China and Russia say such a resolution could heighten tensions and open the door to a military attack on Iran -- an option that the United States is refusing to take off the table.

China is similarly an important player in the North Korean dispute, as it is host to the six-party talks and believed to be able to exert more influence on Pyongyang than any other nation.

Annan called in Tokyo for a resumption of the six-nation disarmament talks, which have stalled since November last year over objections from Pyongyang to US financial sanctions over money laundering and counterfeit allegations.

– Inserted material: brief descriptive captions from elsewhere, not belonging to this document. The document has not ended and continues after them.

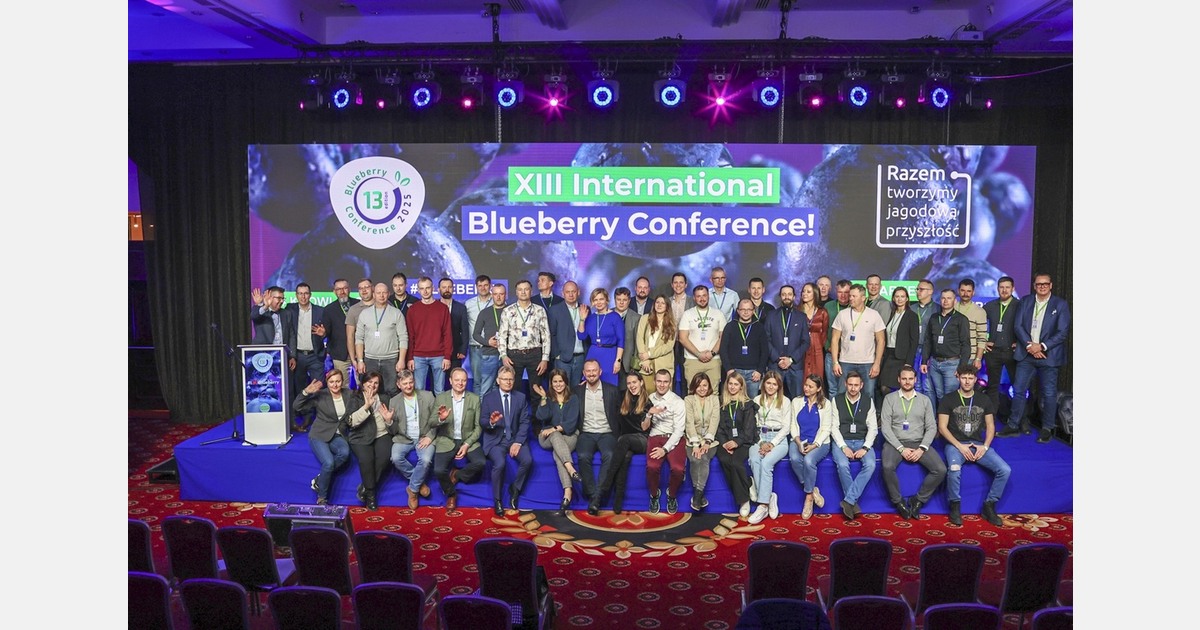 Poland to host international blueberry conference in March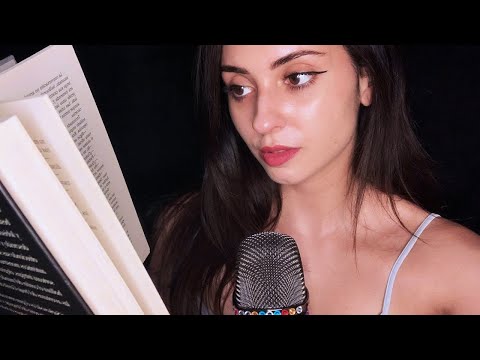 ASMR lectura susurrada MUY relajante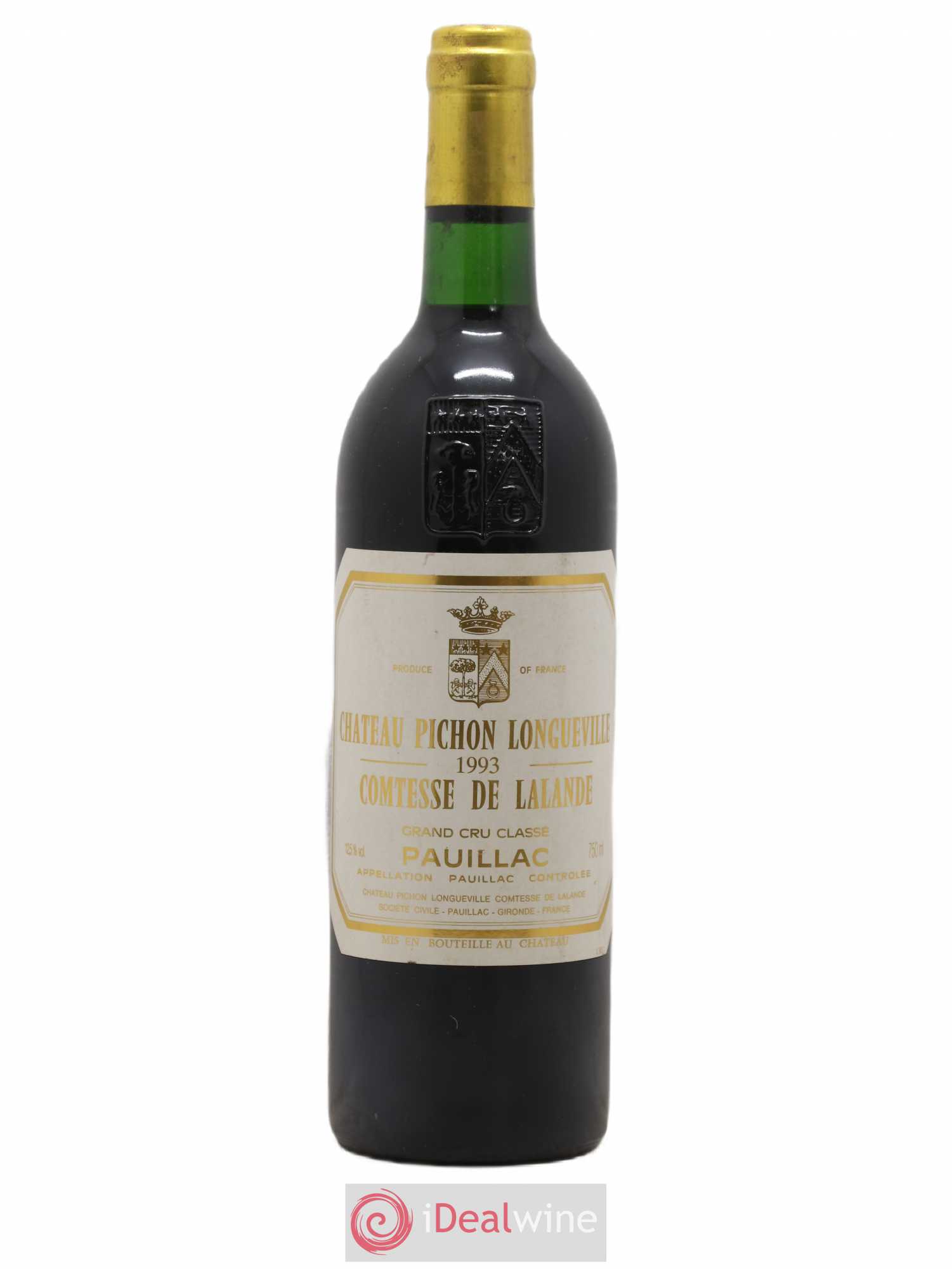 Château Pichon Longueville Comtesse de Lalande 2ème Grand Cru Classé 1993 - Lot de 1 bouteille - 0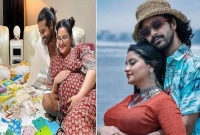  সন্তানের আগমনের প্রস্তুতি শুরু করে দিলেন পরিমণি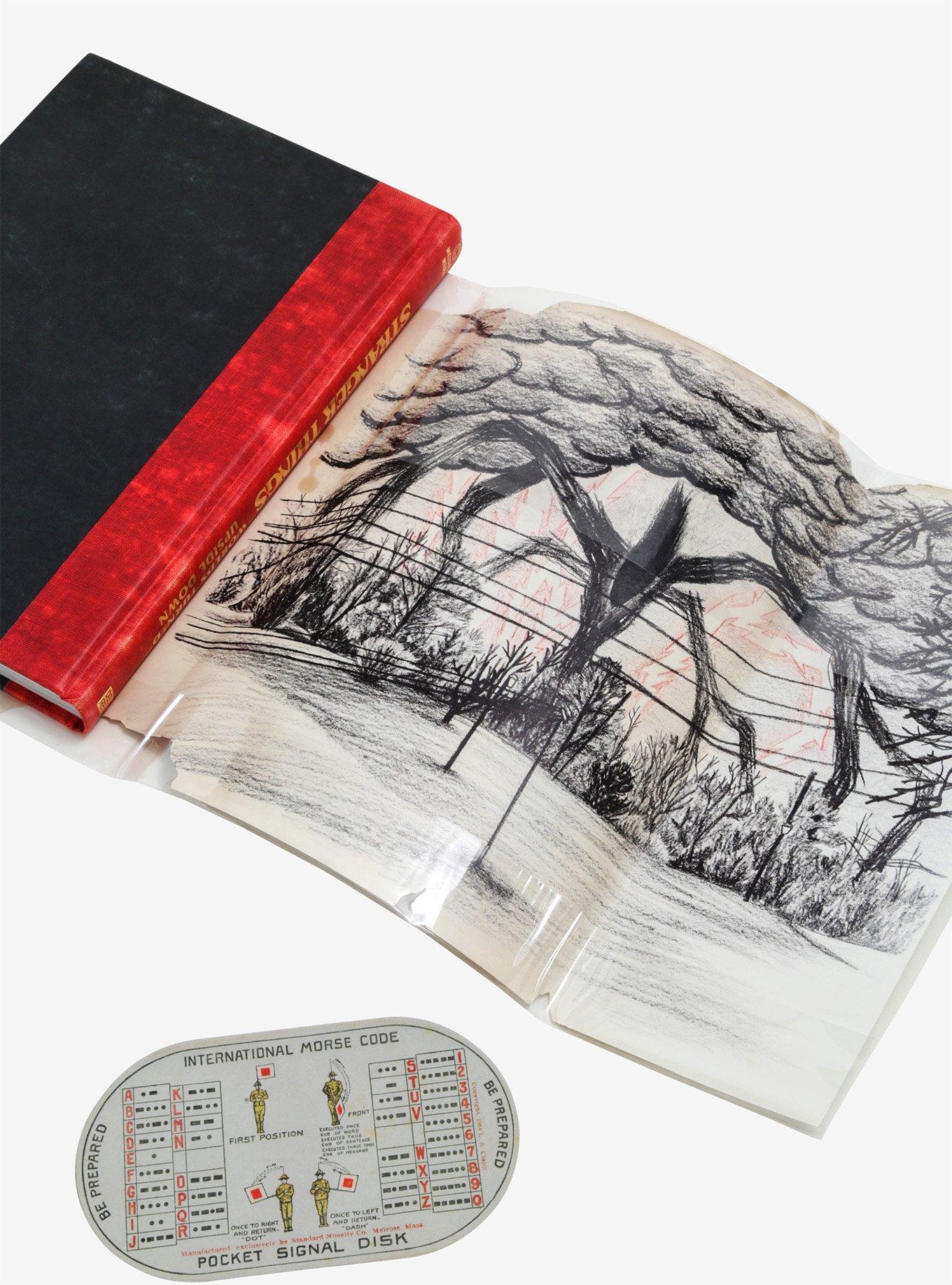 Stranger Things: Worlds Turned Upside Down: The Official Behind-the-Scenes Companion, , alternate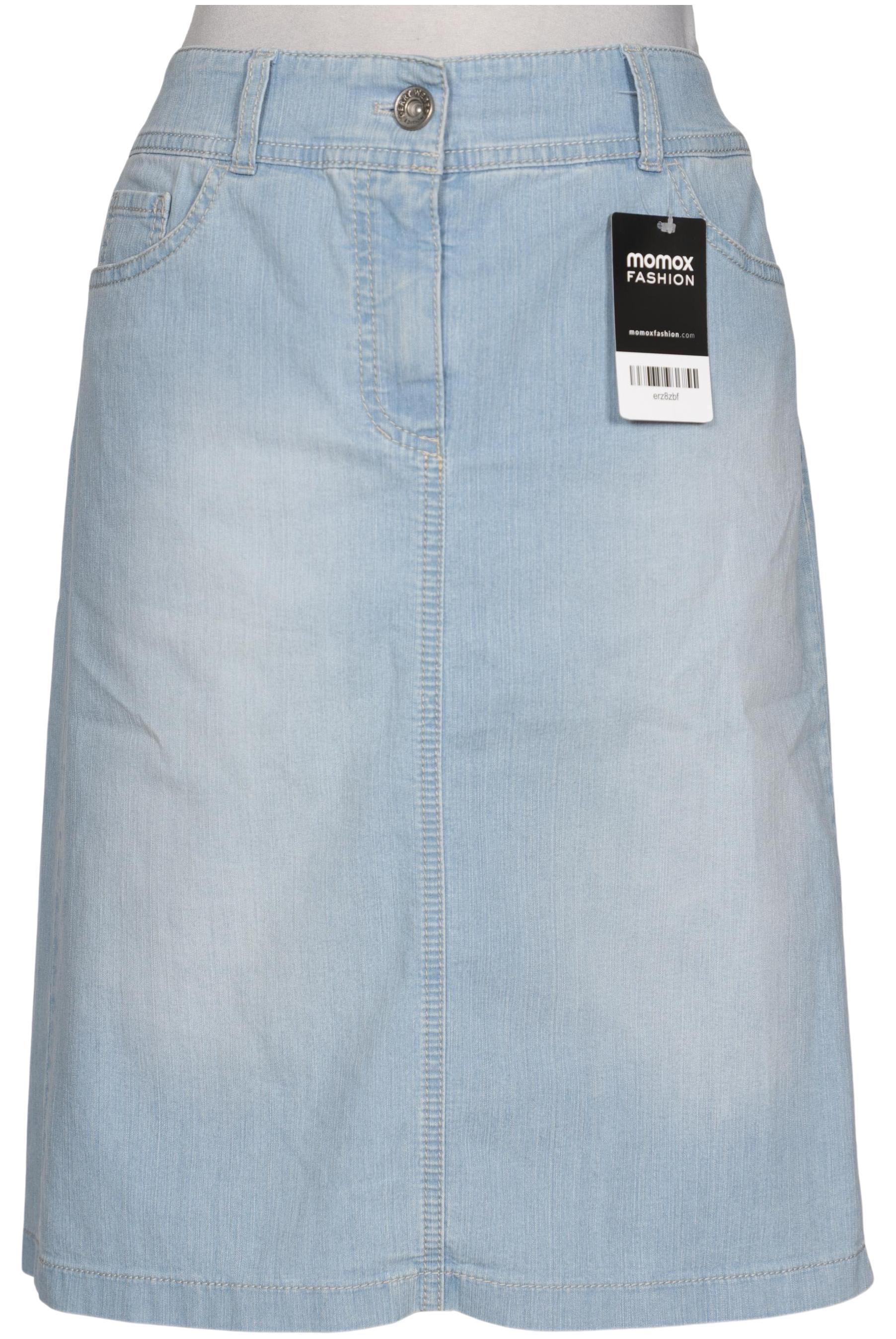 

Gerry Weber Damen Rock, hellblau, Gr. 36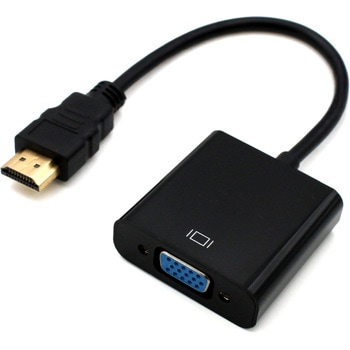 注文コード:06222732 変換アダプタ HDMI to VGA - BESTEK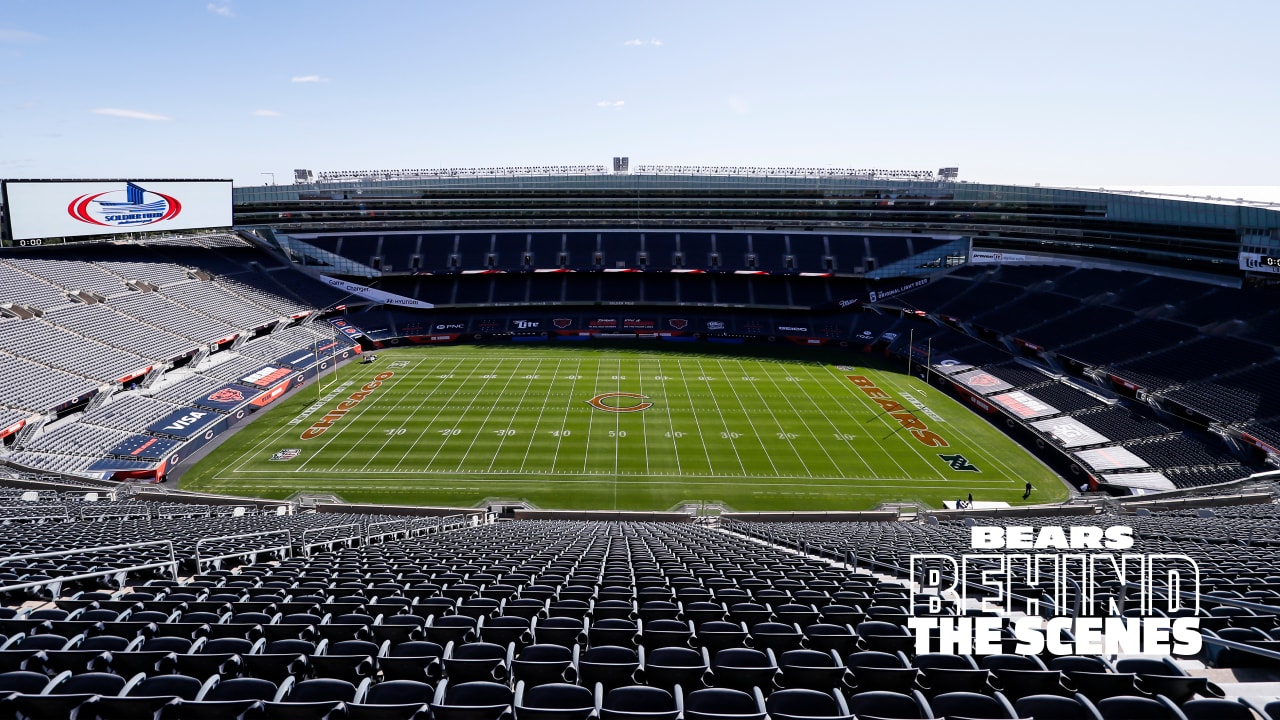 Breakdown Of The Soldier Field Seating Chart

"There is no viable alternative to the six-party talks. The international community must do everything possible to move the process forward and resolve the situation peacefully," Annan said in Tokyo.

In recent days, Annan has also sought to exert some influence on Japan's continued disputes with China and South Korea over the neighbors' wartime histories.

"Recently, there are new tensions between Japan, China and South Korea," said Annan, who began his Asian tour in Seoul.

"I think there are areas all the countries can say and make gestures to reassure and to put their past to rest and look forward to the future."

Aside from meeting with Hu on Friday afternoon, Annan is scheduled to hold talks with Chinese Premier Wen Jiabao on Monday. Annan will deliver a speech at Peking University on Tuesday, the final day of his China visit.

Annan will then travel to Vietnam and Thailand.